# [TASK ITEM]
Both the line with "Mug Musique d'ours" and the line with "BRONZE T-SHIRT BRONZE" in the records below must appear in the output, along with every line between them, exactly and with nothing added.

━━━━━━━━━━

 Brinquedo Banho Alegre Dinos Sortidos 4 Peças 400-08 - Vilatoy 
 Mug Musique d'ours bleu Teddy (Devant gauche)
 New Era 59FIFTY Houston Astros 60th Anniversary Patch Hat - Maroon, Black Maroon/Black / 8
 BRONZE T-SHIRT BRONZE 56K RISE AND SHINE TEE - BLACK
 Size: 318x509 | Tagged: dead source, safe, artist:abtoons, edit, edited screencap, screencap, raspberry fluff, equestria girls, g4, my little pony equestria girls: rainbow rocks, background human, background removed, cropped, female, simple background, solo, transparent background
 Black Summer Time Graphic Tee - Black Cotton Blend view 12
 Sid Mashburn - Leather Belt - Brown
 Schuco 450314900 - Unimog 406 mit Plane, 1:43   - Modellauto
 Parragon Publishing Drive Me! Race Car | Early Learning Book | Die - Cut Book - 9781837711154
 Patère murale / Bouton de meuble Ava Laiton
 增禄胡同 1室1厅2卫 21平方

━━━━━━━━━━

# [SOLUTION TO THIS PROBLEM]
 Mug Musique d'ours bleu Teddy (Devant gauche)
 New Era 59FIFTY Houston Astros 60th Anniversary Patch Hat - Maroon, Black Maroon/Black / 8
 BRONZE T-SHIRT BRONZE 56K RISE AND SHINE TEE - BLACK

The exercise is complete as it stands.